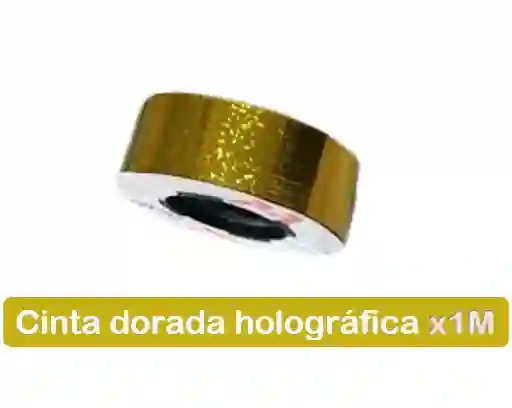 Cinta Dorada Holográfica 3 Cm Ancho X 1 Metro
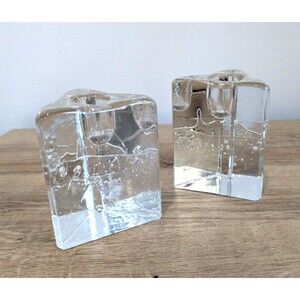 Set of 2 Arkipelago Iittala Ice Clear Glass Triangular Candlesticks MCM 3.5''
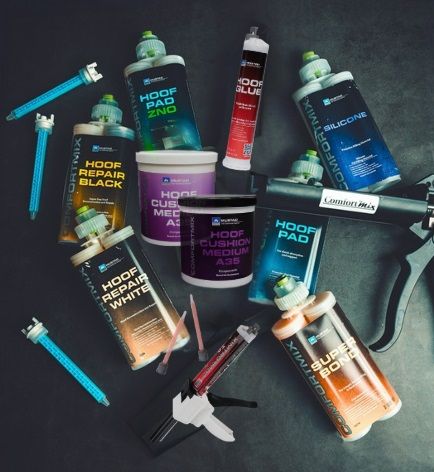 A selection of Mustad Australia's hoof glue products, including adhesive bottles and applicator tips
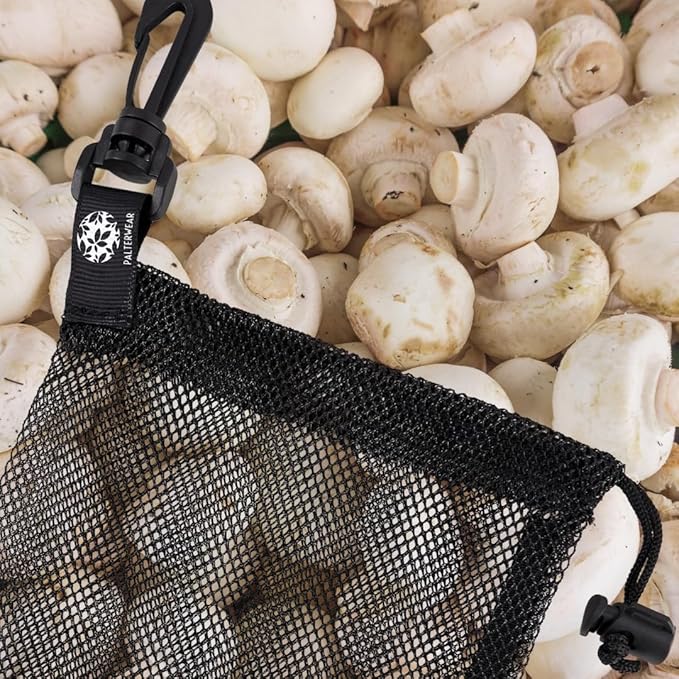 PALTERWEAR Mesh Drawstring Bag With Clip and Toggle Closure - For Scuba, Scalloping, Camping - Multi-Use Set of 4 (Black, 9 x 12 inch)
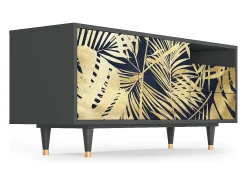 Móvel De Tv* Mueble de TV - 125х56х41 cm - T7 - Jungle Vibes, Antracite Cinza antracite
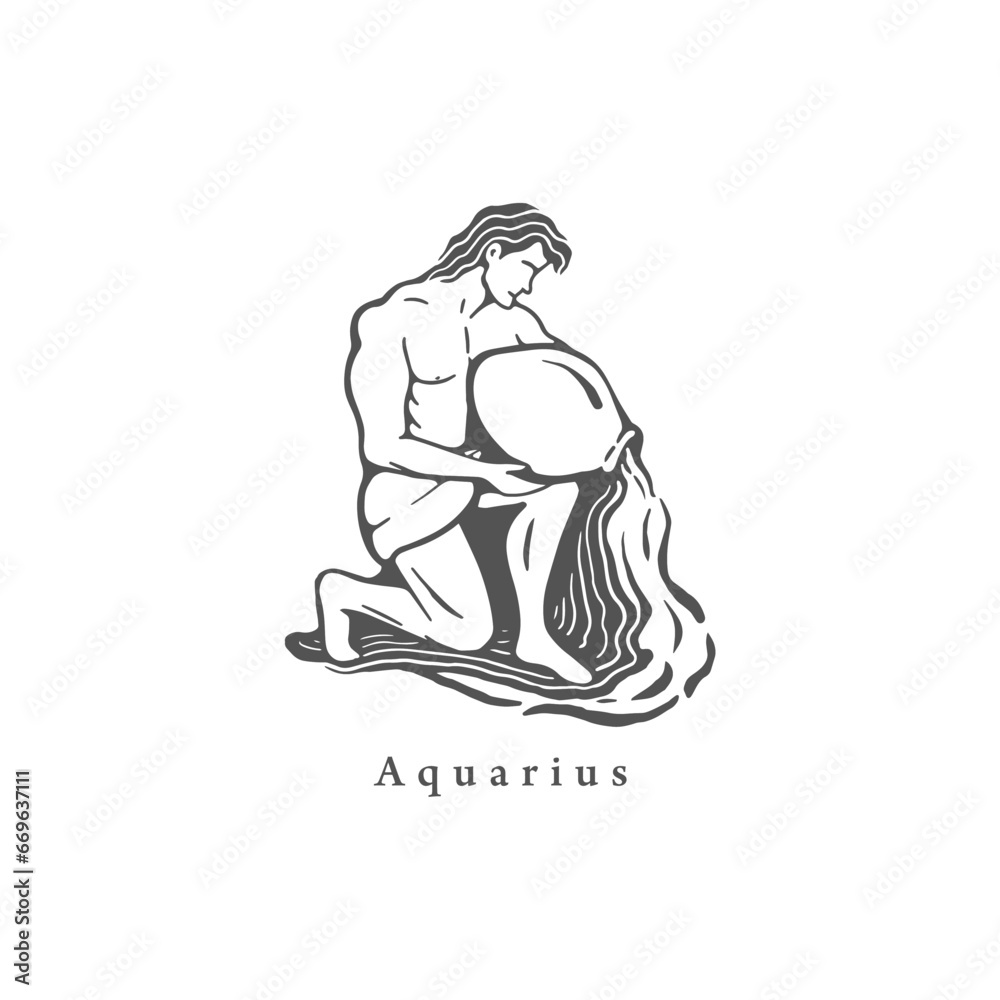 Obraz premium Aquarius zodiac symbol in engraving style. 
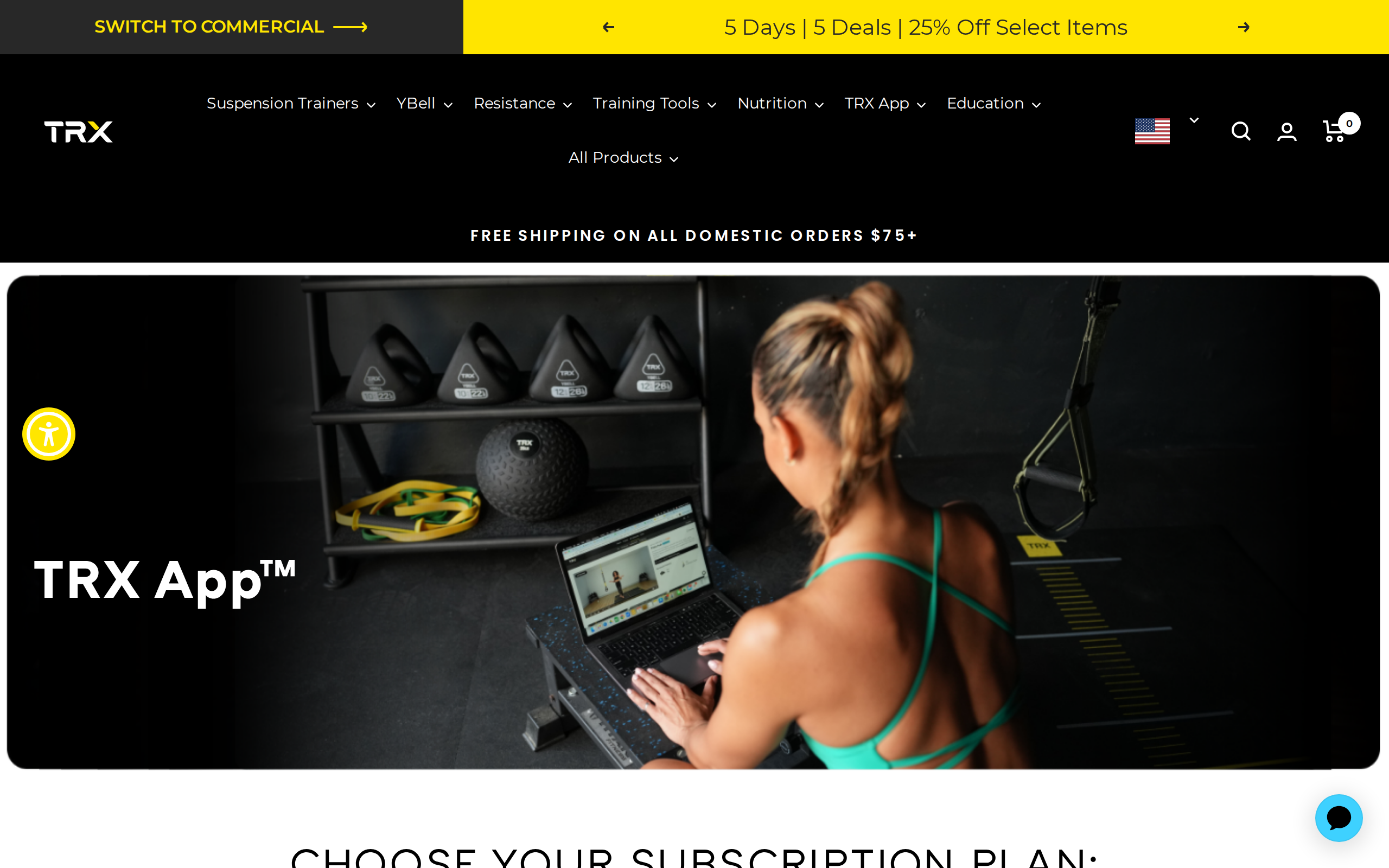 TRX App plans page with the headline TRX App and a free shipping banner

#####

** Problem description **
From the first line above down to the line with "A selection of", reproduce every line and no others, omitting pictures.

** Written reply **
 Cinta Dorada Holográfica 3 Cm Ancho X 1 Metro
 Set of 2 Arkipelago Iittala Ice Clear Glass Triangular Candlesticks MCM 3.5''
 A selection of Mustad Australia's hoof glue products, including adhesive bottles and applicator tips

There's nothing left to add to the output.